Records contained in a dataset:
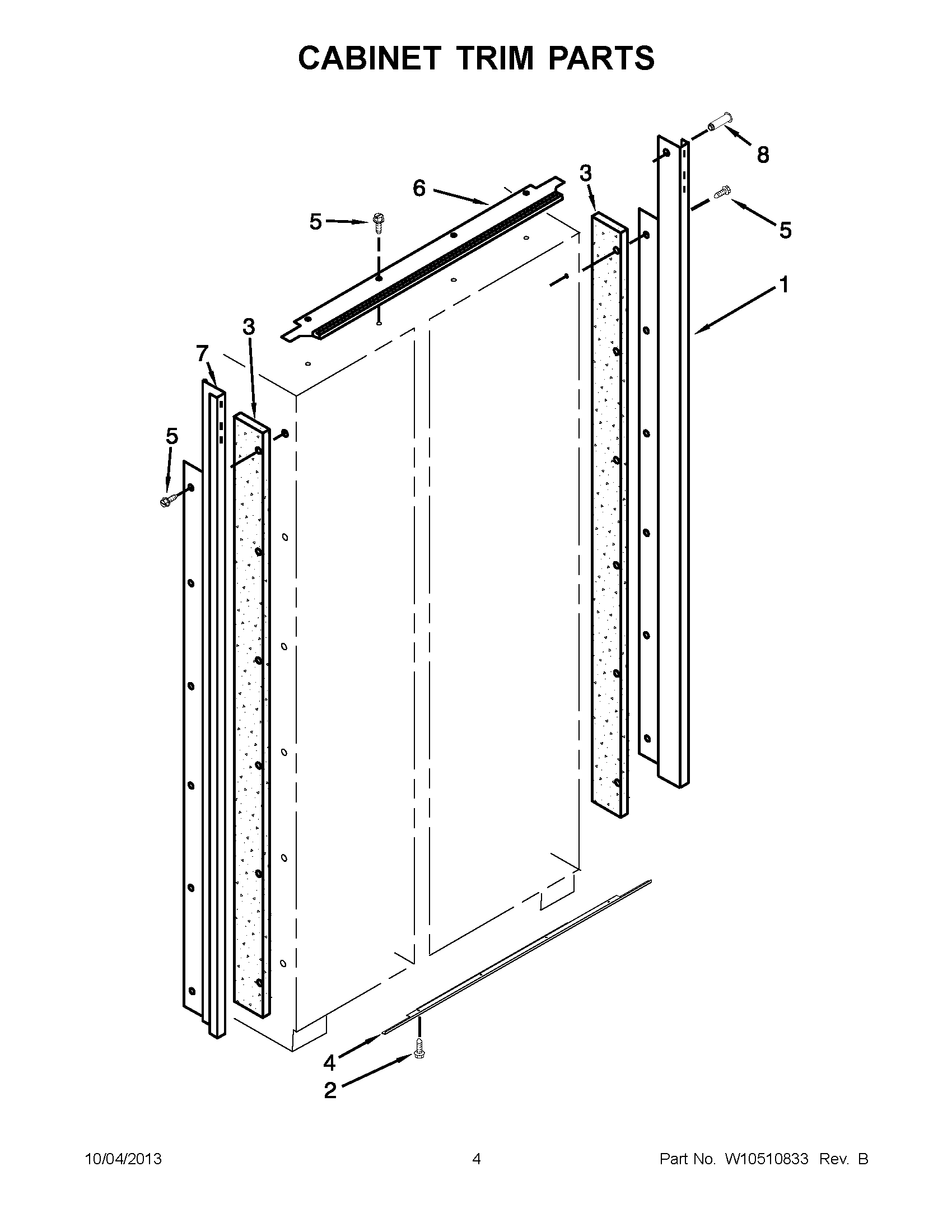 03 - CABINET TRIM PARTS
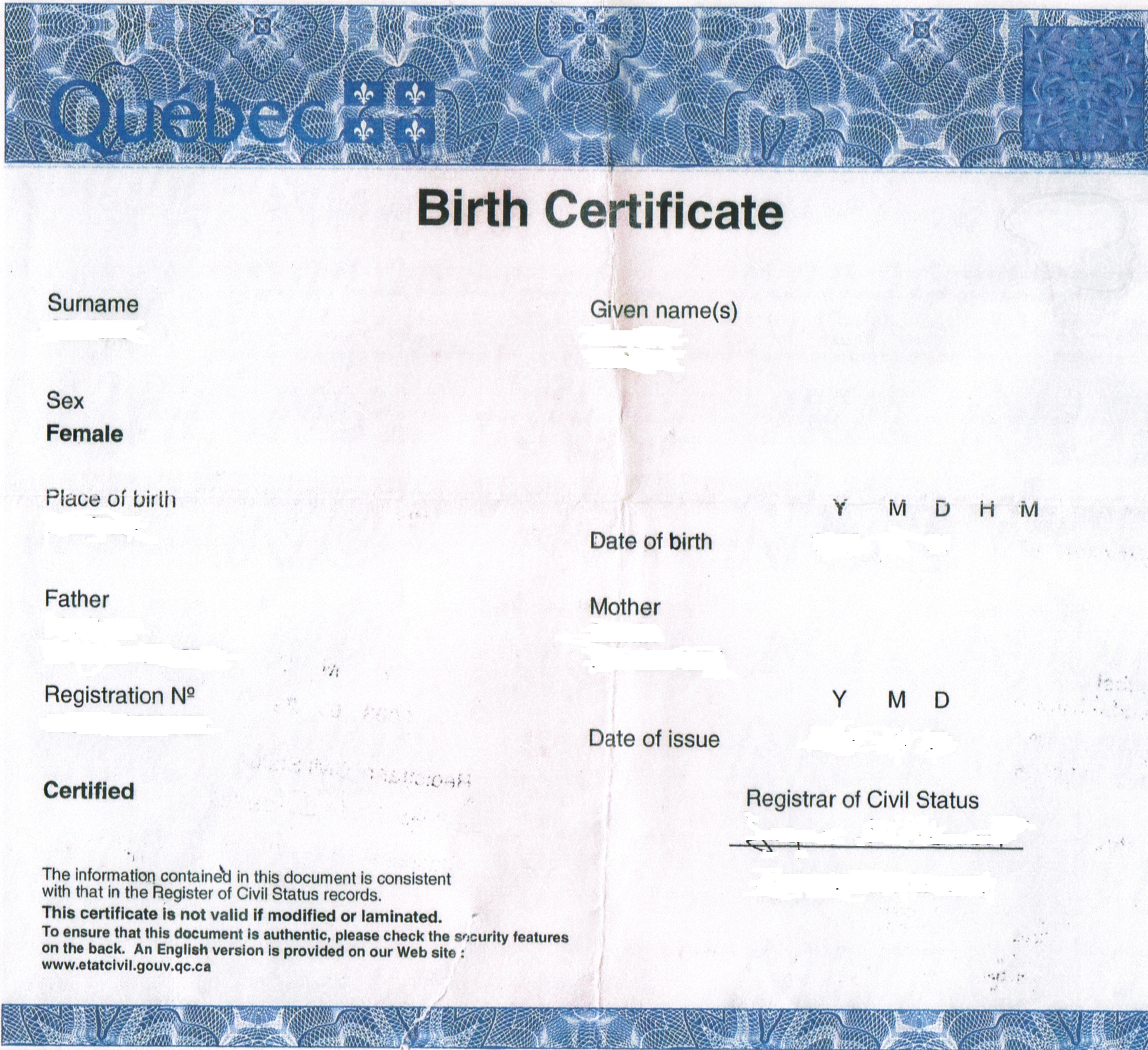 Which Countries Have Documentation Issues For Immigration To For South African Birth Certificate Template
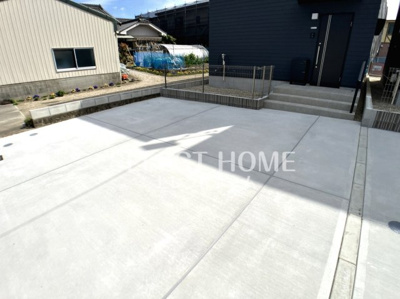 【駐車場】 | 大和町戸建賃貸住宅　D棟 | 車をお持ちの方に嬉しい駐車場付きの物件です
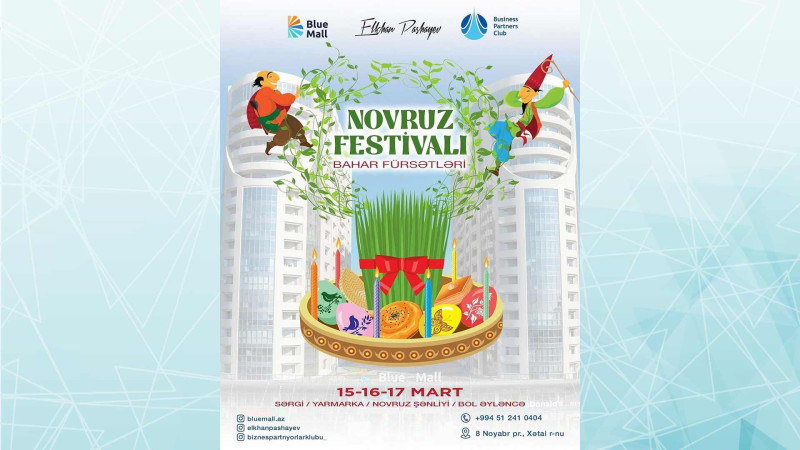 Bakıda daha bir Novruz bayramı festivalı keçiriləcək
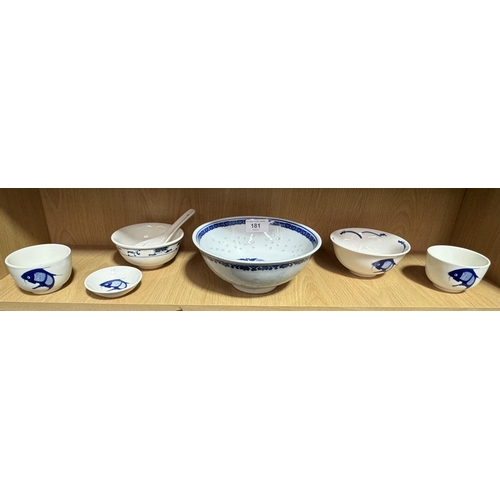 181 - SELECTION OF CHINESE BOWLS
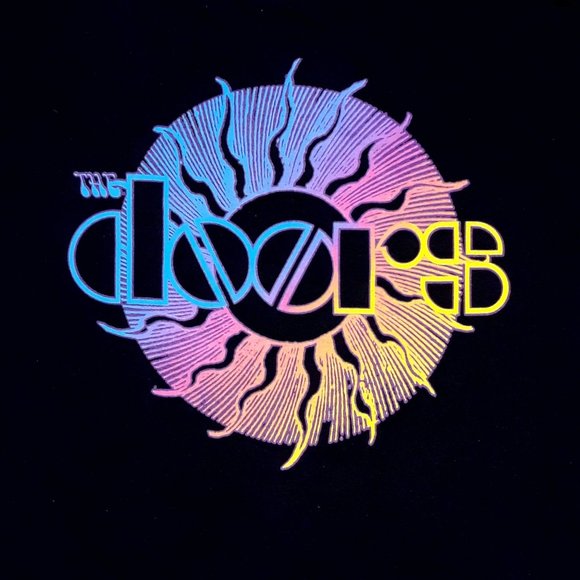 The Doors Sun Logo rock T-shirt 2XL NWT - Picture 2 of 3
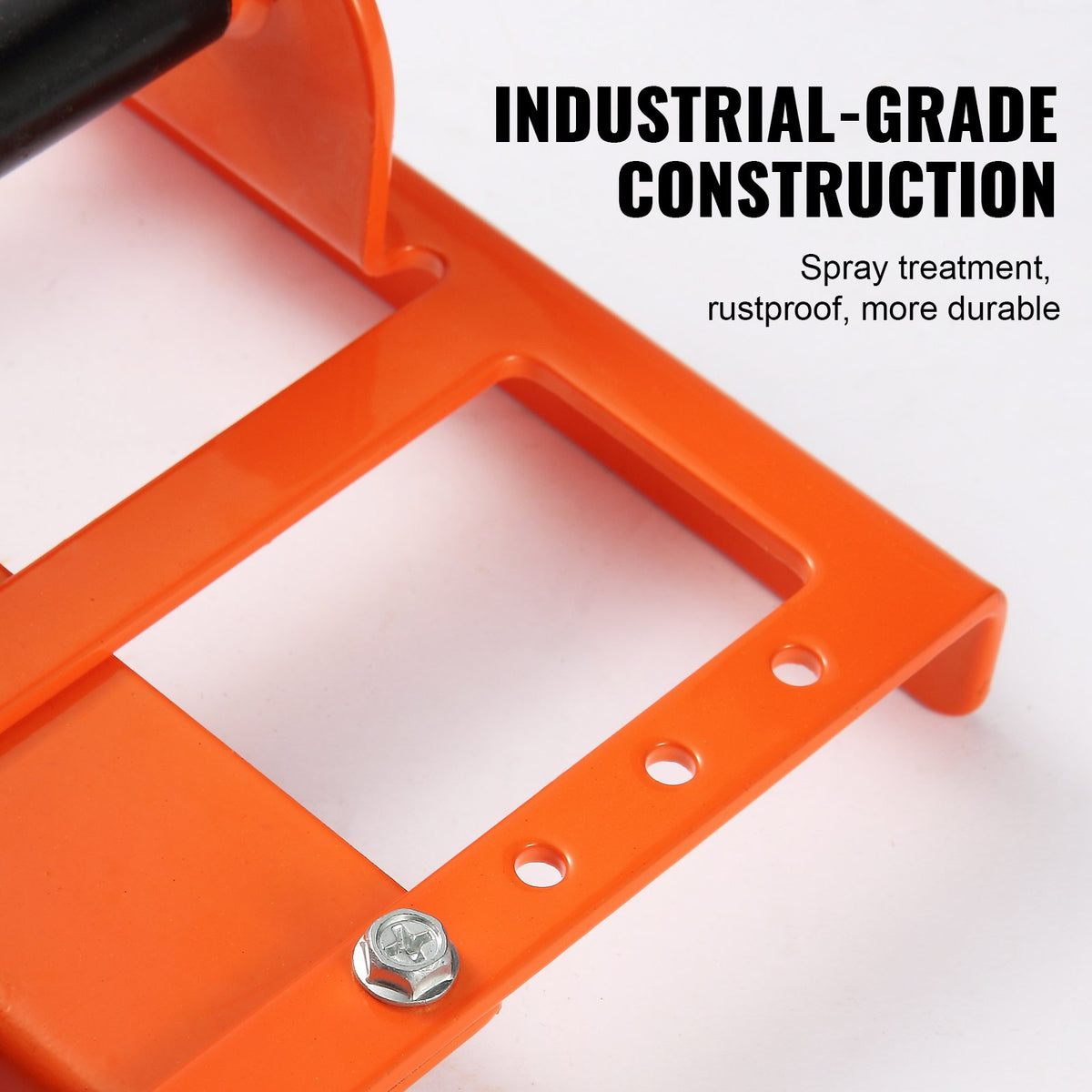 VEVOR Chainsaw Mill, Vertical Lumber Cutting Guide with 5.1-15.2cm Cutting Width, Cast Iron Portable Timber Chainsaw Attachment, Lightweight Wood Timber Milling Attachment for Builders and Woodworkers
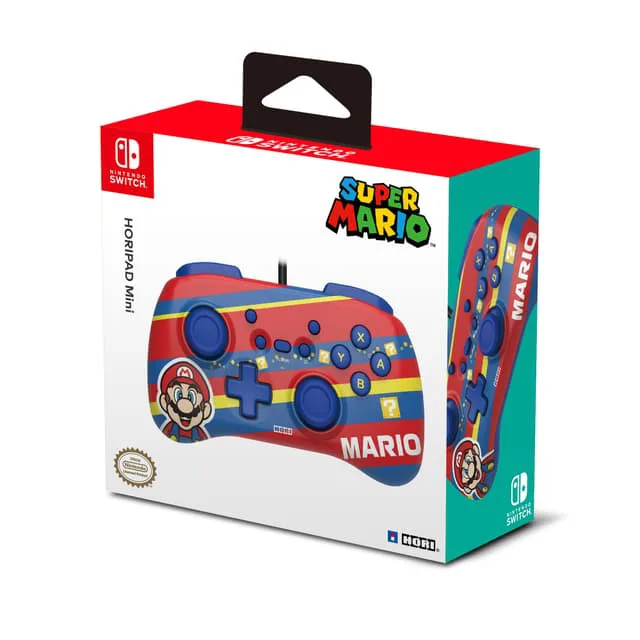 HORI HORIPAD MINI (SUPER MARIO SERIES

> [PROMPT] Both the line above containing "Bakıda daha bir" and the line containing "The Doors Sun" belong in the copy, along with every line between them; print these exactly and omit the pictures.

> [OUTPUT]
 Bakıda daha bir Novruz bayramı festivalı keçiriləcək
 181 - SELECTION OF CHINESE BOWLS
 The Doors Sun Logo rock T-shirt 2XL NWT - Picture 2 of 3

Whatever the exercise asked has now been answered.